● DATASET:
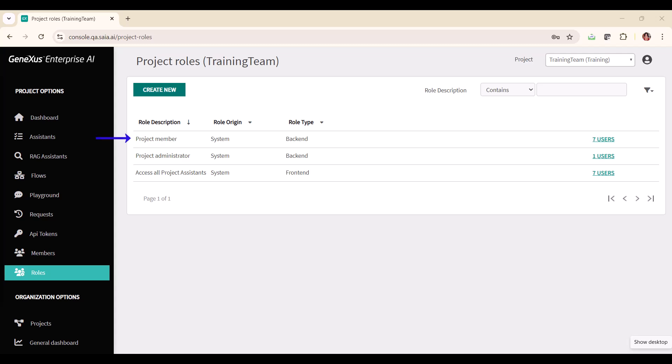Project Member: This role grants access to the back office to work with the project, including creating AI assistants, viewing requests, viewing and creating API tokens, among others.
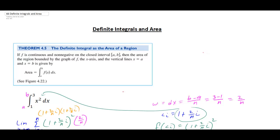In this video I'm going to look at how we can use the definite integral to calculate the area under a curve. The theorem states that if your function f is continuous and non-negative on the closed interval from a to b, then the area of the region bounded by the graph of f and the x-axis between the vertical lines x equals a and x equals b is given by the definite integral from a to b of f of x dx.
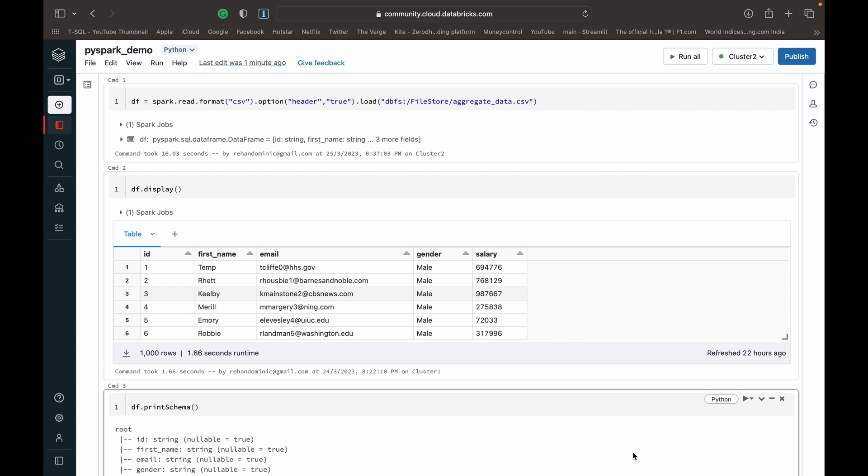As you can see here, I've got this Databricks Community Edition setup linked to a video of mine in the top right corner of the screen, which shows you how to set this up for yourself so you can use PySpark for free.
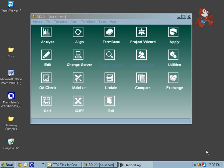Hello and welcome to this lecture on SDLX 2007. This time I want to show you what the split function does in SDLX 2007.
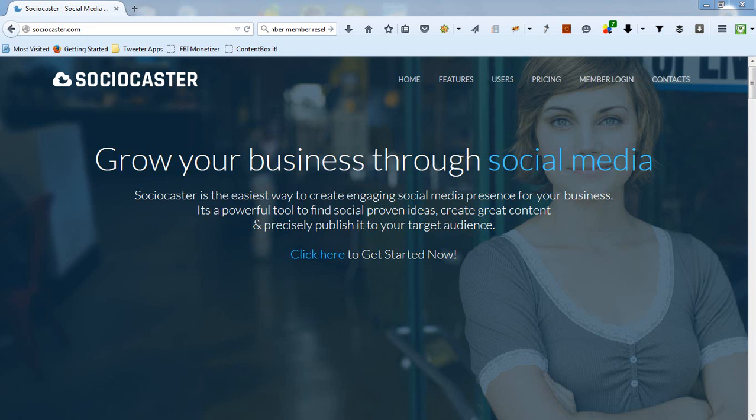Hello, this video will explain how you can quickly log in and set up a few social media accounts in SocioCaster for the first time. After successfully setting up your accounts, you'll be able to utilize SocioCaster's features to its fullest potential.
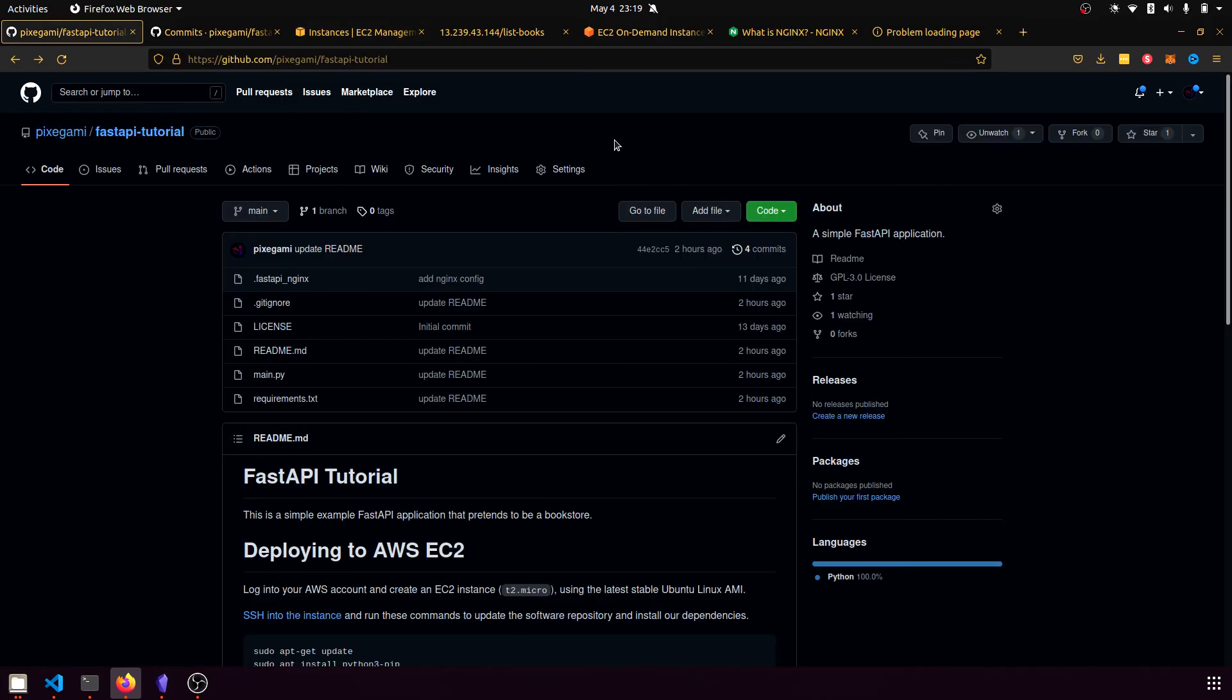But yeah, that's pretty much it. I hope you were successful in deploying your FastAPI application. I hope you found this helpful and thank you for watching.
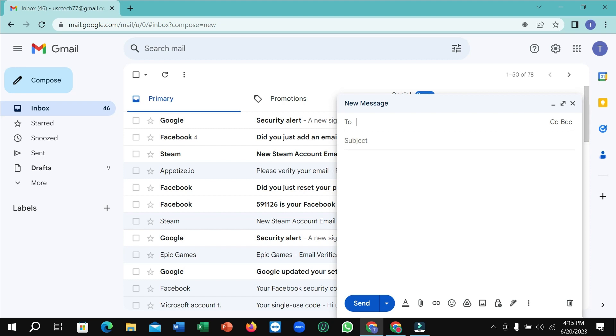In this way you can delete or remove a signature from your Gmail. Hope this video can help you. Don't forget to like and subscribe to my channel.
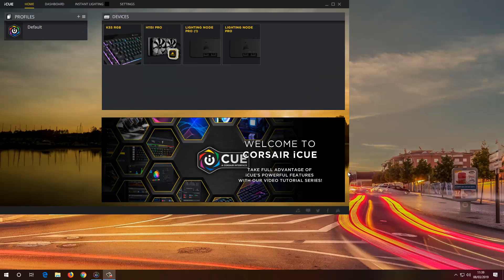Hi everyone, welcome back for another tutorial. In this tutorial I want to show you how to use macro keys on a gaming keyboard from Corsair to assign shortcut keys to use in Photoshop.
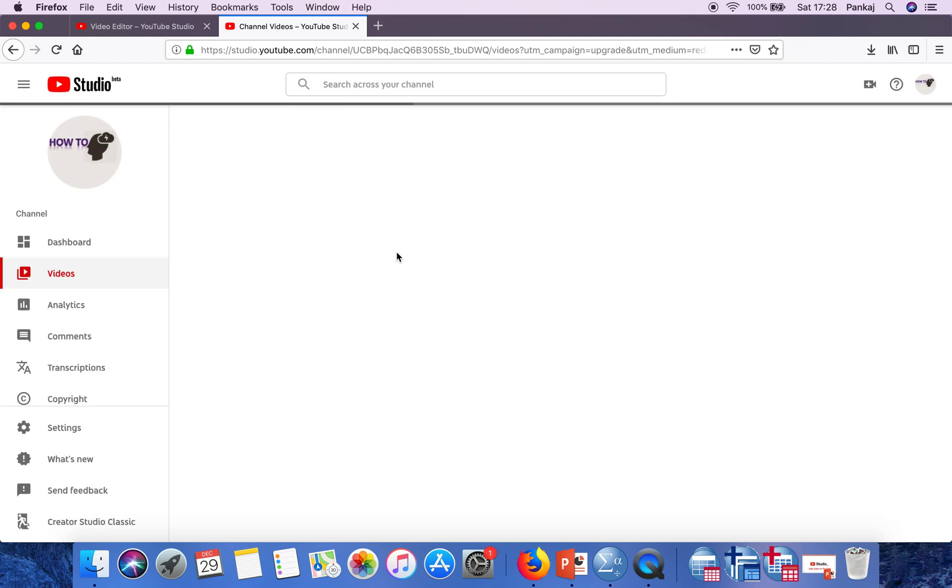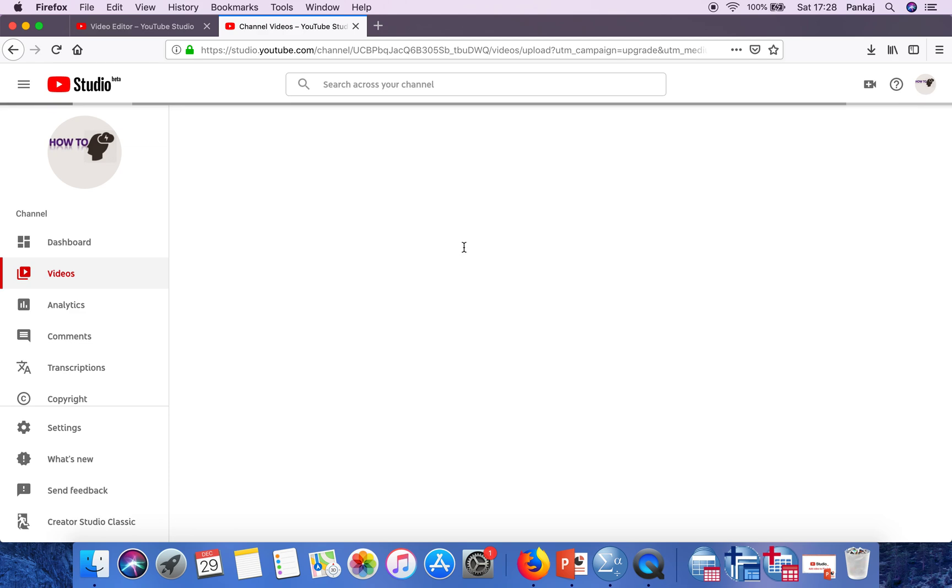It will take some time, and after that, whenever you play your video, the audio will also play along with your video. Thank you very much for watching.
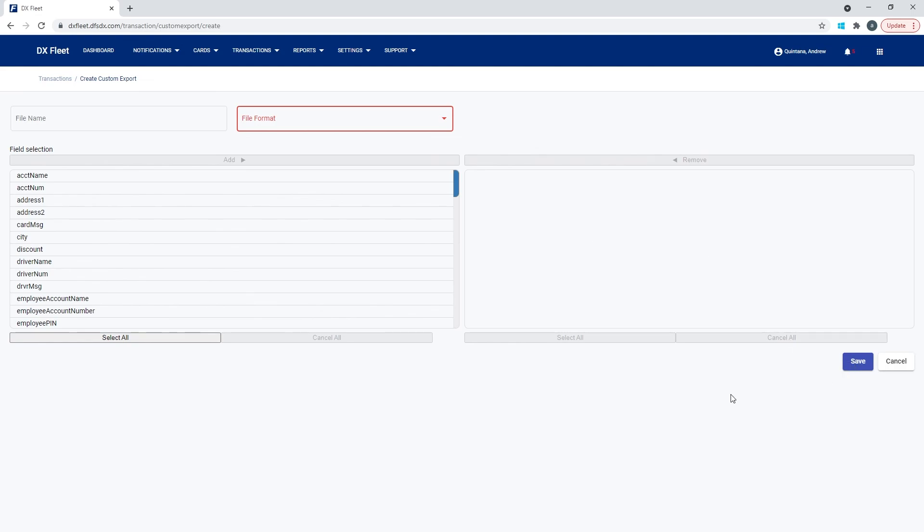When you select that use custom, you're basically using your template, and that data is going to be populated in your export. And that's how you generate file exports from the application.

* * *

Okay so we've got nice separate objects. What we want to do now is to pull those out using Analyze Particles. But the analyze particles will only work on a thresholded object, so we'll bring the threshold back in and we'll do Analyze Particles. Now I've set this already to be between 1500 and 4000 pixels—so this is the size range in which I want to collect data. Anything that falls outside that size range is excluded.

--

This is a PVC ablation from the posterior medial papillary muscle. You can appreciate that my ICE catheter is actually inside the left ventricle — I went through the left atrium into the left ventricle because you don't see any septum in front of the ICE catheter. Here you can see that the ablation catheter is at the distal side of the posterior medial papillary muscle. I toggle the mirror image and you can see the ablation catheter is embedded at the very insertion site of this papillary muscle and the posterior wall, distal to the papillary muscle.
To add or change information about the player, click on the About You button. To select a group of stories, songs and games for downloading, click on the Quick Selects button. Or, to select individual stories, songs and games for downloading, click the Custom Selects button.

● YOUR OBJECTIVE:
Transcribe the lines above exactly, beginning at the one with "In this way" and ending at the one with "Hi everyone, welcome". Include both; exclude the pictures.

● EXERCISE ANSWER:
In this way you can delete or remove a signature from your Gmail. Hope this video can help you. Don't forget to like and subscribe to my channel.
Hi everyone, welcome back for another tutorial. In this tutorial I want to show you how to use macro keys on a gaming keyboard from Corsair to assign shortcut keys to use in Photoshop.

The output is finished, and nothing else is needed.